No matter what stage of spring is in your neighborhood, this is an exciting time for young children. Get outdoors, find dry pavement, and feel the rhythm of nature as leaves sprout, flowers appear, and birds return to build nests. Build your own oatmeal carton drum to celebrate the rhythms of spring!
Oatmeal or cornmeal boxes, construction paper, markers, tape, child scissors, and white craft glue
What to do
Cut a strip of construction paper two inches taller and one inch longer than the distance around the box. Wrap the box in paper and leave one inch at the top and bottom. Tape the sides together. Cut slips into the paper at the top and bottom of the box. Fold and glue paper down all the way around the box for a drum. Use markers to draw designs around the drum. If you like, string a cord through holes cut into the top and bottom of the drum. Tie the ends together to wear the drum around the waist.
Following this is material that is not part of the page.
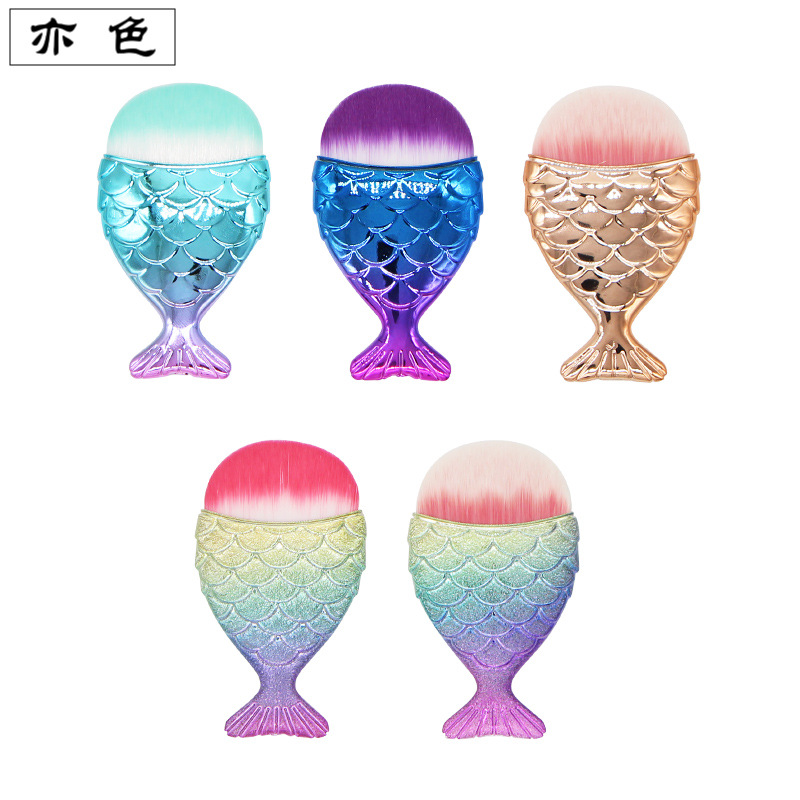 單支小號(hào)魚(yú)粉底刷 OEM代加工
Children may play the drum with their hands or make a simple drumstick out of a marshmallow and a plastic drinking straw.
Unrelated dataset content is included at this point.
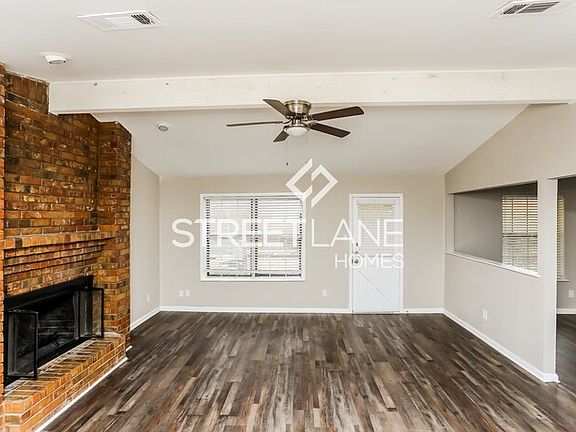3rd image of 1104 Scarlet Oaks Cir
Put on some music in which drumming is featured. Have a conversation about drums as you and your children work together. What do drums look like? What do they sound like? Discuss the pattern of rhythm and drumbeats. Can we repeat the rhythm of a favorite song? Can we create our own rhythms? Does nature have any rhythms? What would a deer running through the woods sound like, a bird flying to its nest, an approaching thunderstorm, or a flower bursting into bloom?
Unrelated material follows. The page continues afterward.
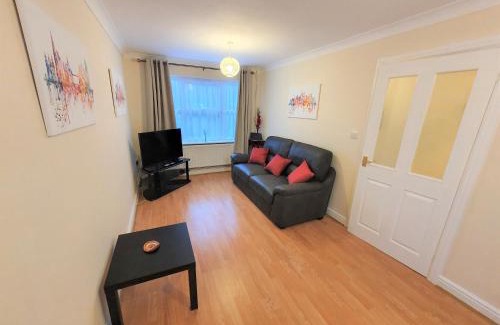 Sittingbourne House | Friars Walk 2 with 2 bedrooms, 2 bathrooms, fast Wi-Fi and private parking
How will this help my children?
Skills involved in this project include listening, following directions, repeating or creating a pattern and connecting with the natural world. These are important prerequisites for learning, especially in music, math and science.
What else can we do?
Visit the library to look for books about drums. Children would enjoy accompanying you on drums as you read aloud. Suggested books include: "Jungle Drums" by Graeme Base, (a small warthog is given a set of magic drums) and "Drum, Chavi, Drum!" by Mayra L. Dole (a bilingual book with many rhythmic patterns to follow as Chavi proves that girls can play drums, too). Go to a parade or a concert and hear live music. Notice the different shapes and sizes of actual drums. Experiment with making drums out of different materials.